Wow.
Rebecca Carroll at the Guardian explains how feminist Rihanna’s video is.
Helen Lewis of the New Statesman wrote that the video is not feminist “because it is not very feminist to torture women. Even if they are white. Even if they are rich. Even if you are a woman yourself.” By those standards, I have a thing or two to say about a whole history of white women who abused black women both because they were black and because they were women, and yet, somehow, are still considered feminists – many regarded as pioneers. Women from Elizabeth Cady Stanton, who did not believe black women deserved any such rights as white women, to Miley Cyrus, who has used black women as stage props.
Then say it. Say what they did was very un-feminist. Say they weren’t feminists at all if you want to. That doesn’t make it feminist to torture women or to make videos about torturing women.
[W]hat really has white feminists upset is that in the video Rihanna, a black woman, puts her own needs before a white woman’s needs. And it’s clear that when those needs involve money, social class and privilege (say, lounging on a yacht), there is no room for perspective. White women will fight to obtain food stamps for black women, but don’t let us have a yacht, pretty clothes or – God forbid – payment of money we are owed.
Horse shit. Complete, unmitigated horse shit, and blatant deflection besides. It’s not about yachts and it’s not about getting money owed, it’s about torture of a bystander.
To be sure, the video is vividly violent – an unabashed revenge fantasy – but here’s what didn’t occur to me: is it anti-feminist? Feminist? Misogynistic? Why would it? Rihanna is a grown woman who makes life and career choices for herself with the expectation and understanding that she is as free to do that as her male peers are. How is that not feminist?

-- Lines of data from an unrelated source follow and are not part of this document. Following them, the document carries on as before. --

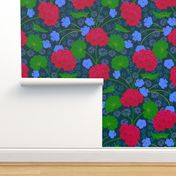 Geraniums Moody Florals Deep Red Purple Green Dark Blue - MEDIUM Scale - UnBlink Studio by Jackie Tahara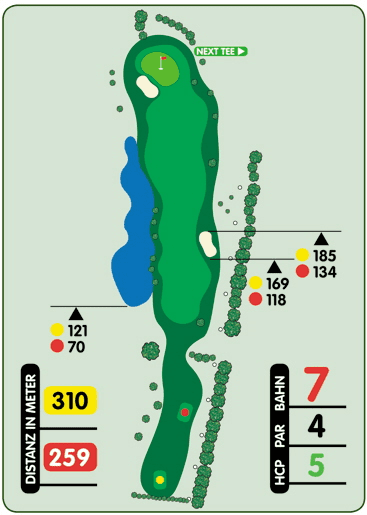 Golfplatzkarte mit einem langen, gebogenen Fairway, einem Wasserhindernis und einem gr&uuml;nem Abschlag mit Distanzmarkierungen.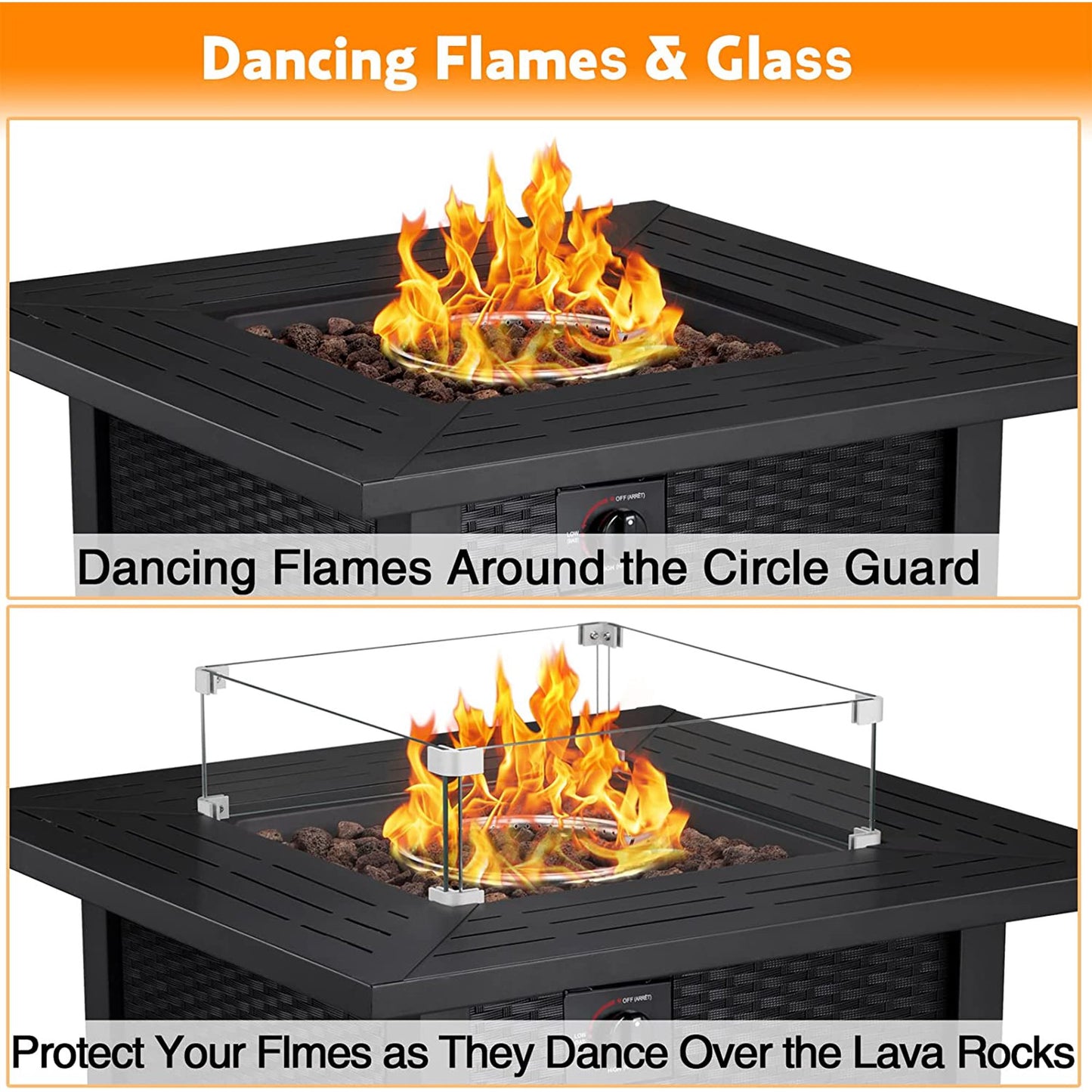 Auseo 33in Square Rattan Fire Pit Table - Propane Fire Pit with Lava Rocks, Glass Wind Guard - Steel Fire Pit Table for Picnic, 50000 BTU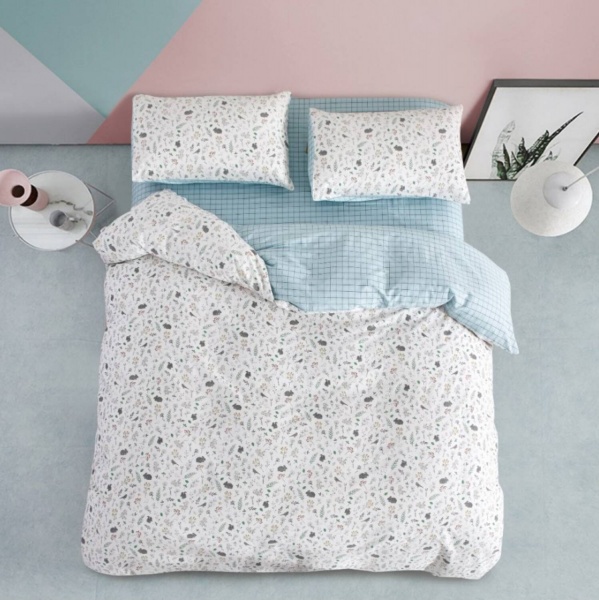 Комплект постельного белья Noto 2 белый с голубым La Nuit 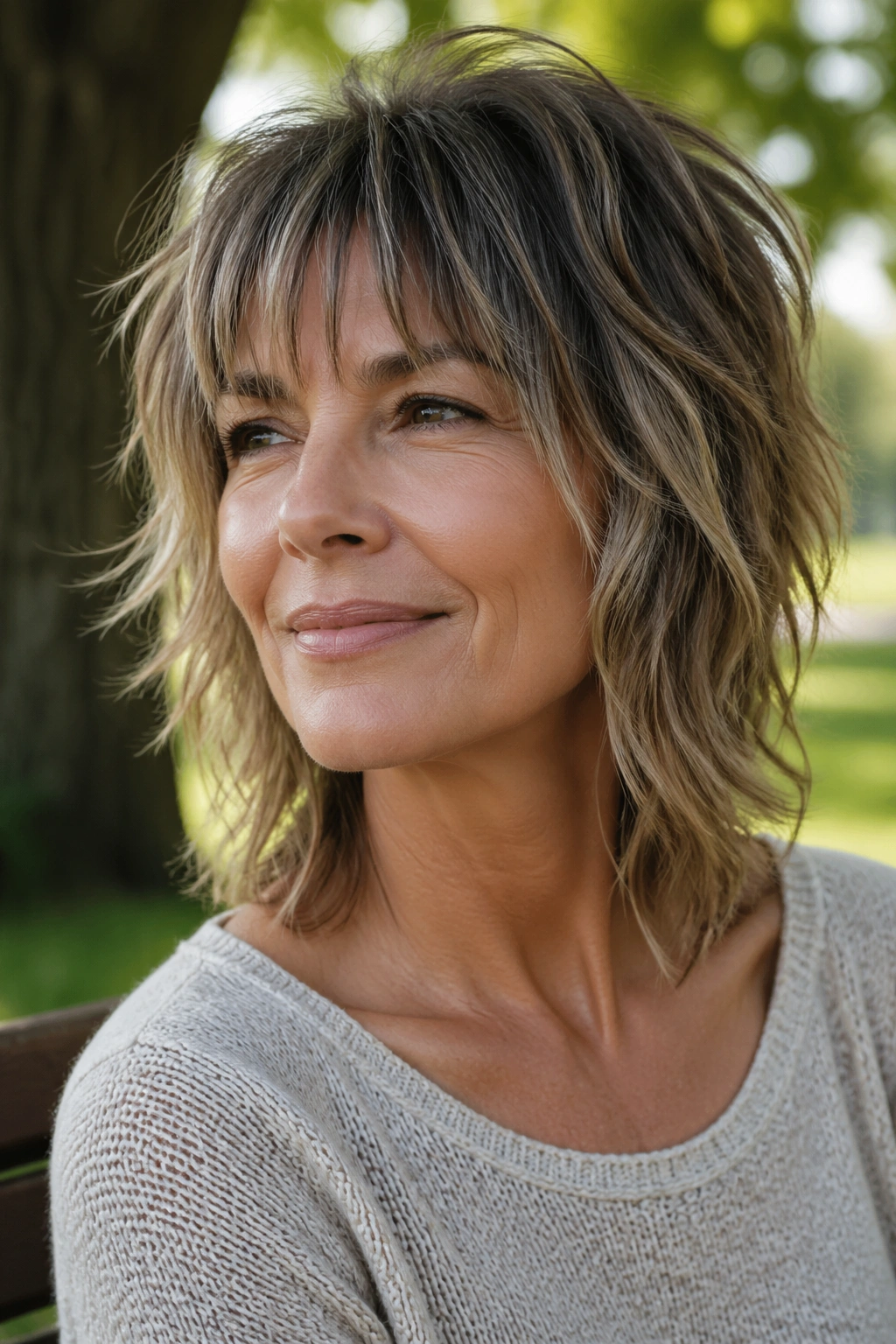 Close-up of a real woman with a shag haircut and piecey bangs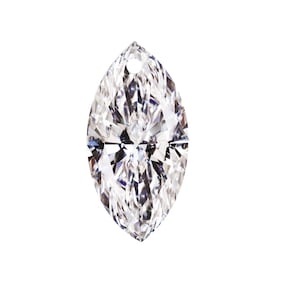 May include: A marquise-cut diamond with a high degree of clarity. The elongated shape has a hole drilled at the top. The facets reflect light, creating a brilliant sparkle. The diamond is set against a white background.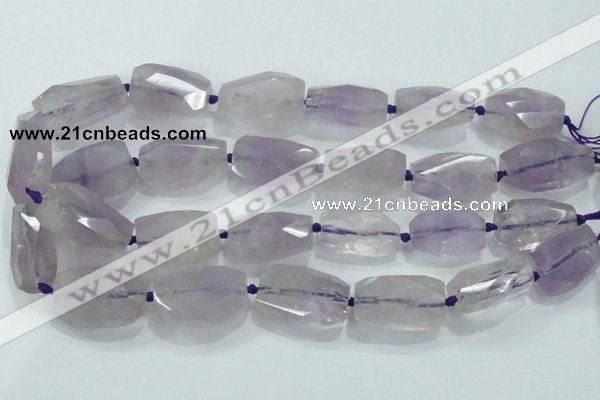 CNG489 15 inches 22*32mm twisted & faceted nuggets amethyst beads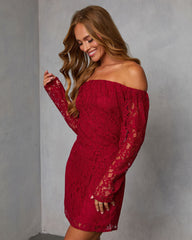 Emberlee Off The Shoulder Lace Mini Dress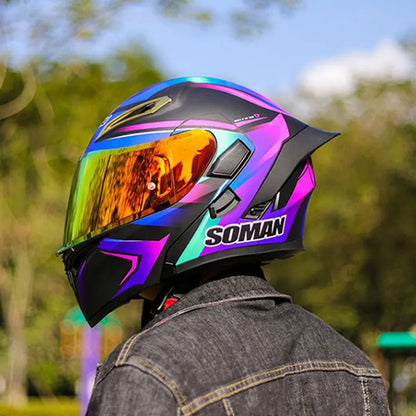 Vintage Retro Dual-Lens Modular Helmet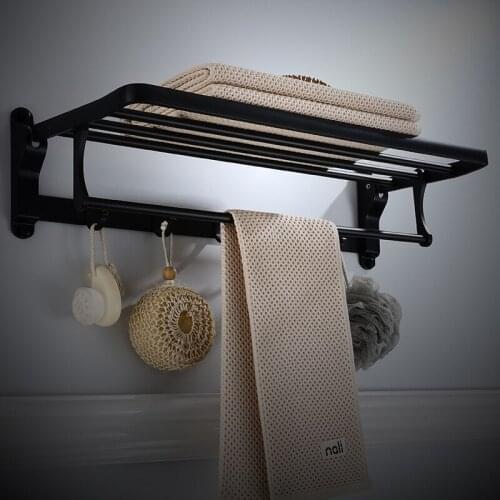 Bathroom Towel Rack Aluminum Black/White 50-60 cm Towel Holder Folding Wall Mounted Bathroom Towel Rail Holder Towel Hanger Bar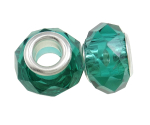 Faceted Crystal European Bead ~ Teal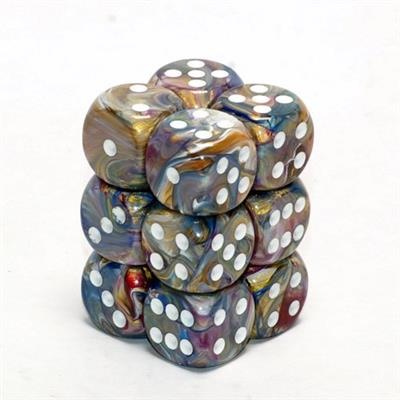 Noppasetti: Chessex Festive � 16mm D6 Polyhedral Carousel/White (12)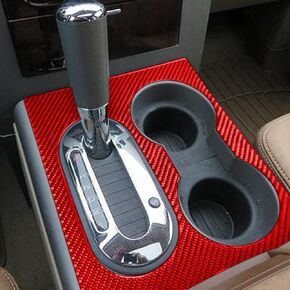 Car Central Control Gear Shift Knob Cup Holder Panel Cover Trim Real Carbon Fiber Stickers for Ford F150 2004 2005 2006 2007 2008 (Black)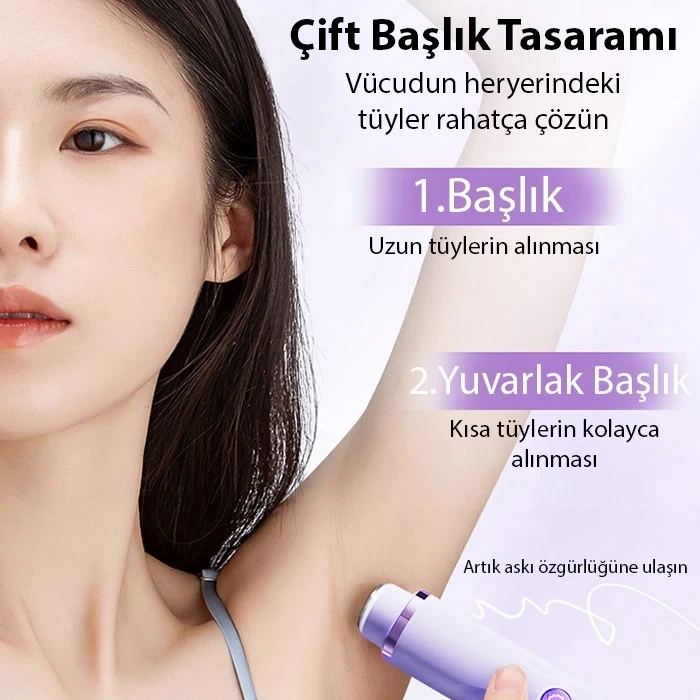 VipMarketim EZERE Koltuk Alti Burun Kas Killari Ve Özel Bölgeler Çift Basli Epilasyon Cihazi-(5775)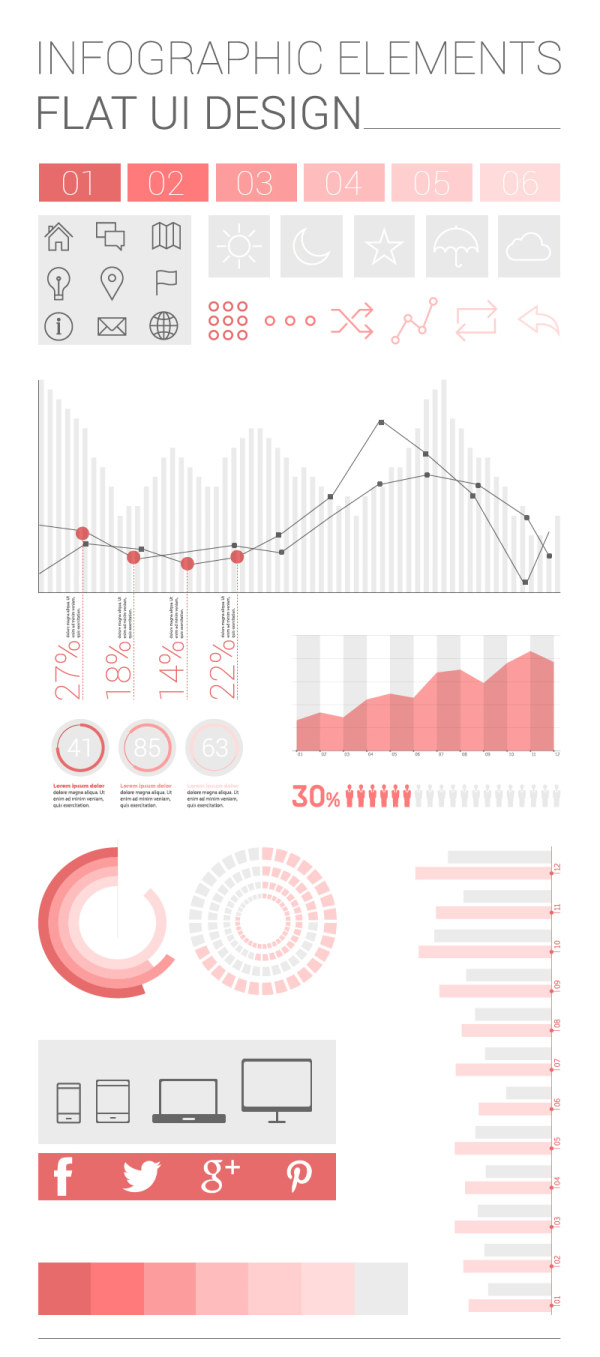 Infographics elements flat UI vector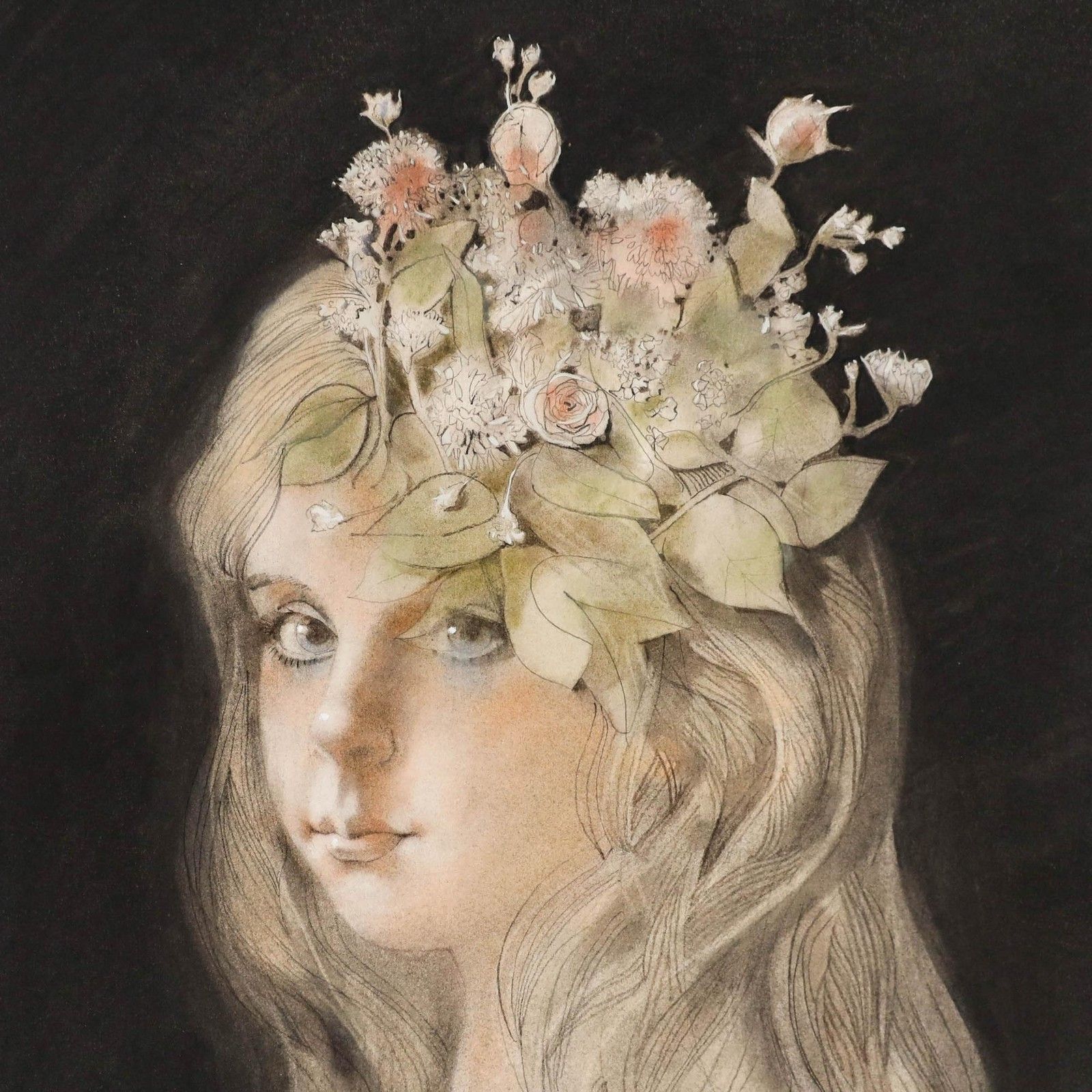 Richard Ewen (1929 2009) 1984 Mixed Media, Girl With Floral Fascinator photo Art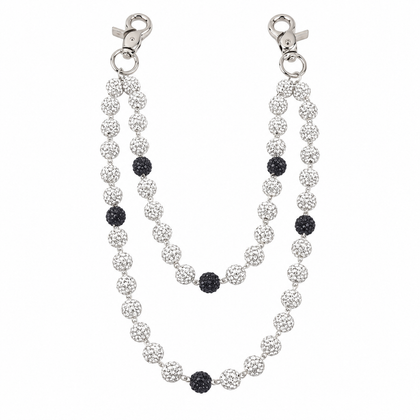 Prism Beaded Jean Chain in White / Black, front view
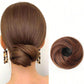 Messy bun hair claw clip extension, medium brown synthetic chignon bun with clip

Wut? Grown women make life and career choices all the time, and some of them are bad, and we can and do say so. If a grown woman makes the career choice to murder someone, I don’t consider that a feminist act. Freedom to make the choice to torture and murder isn’t what feminism is about.
The obsession over what constitutes feminism in mainstream media and popular culture strikes me as resolutely anti-feminist. As for the misogyny – really? That’s just dumb, shortsighted and so deeply patronising. Because the assumption here is that Rihanna isn’t smart enough to anticipate the various interpretations of her work. She knows. She doesn’t care. I don’t either. What I care about is that Rihanna has the agency to create her music and direct her career on her own terms.
Agency shmagency. Mere “agency” is not enough. Agency is necessary for feminism but it is so very far from sufficient.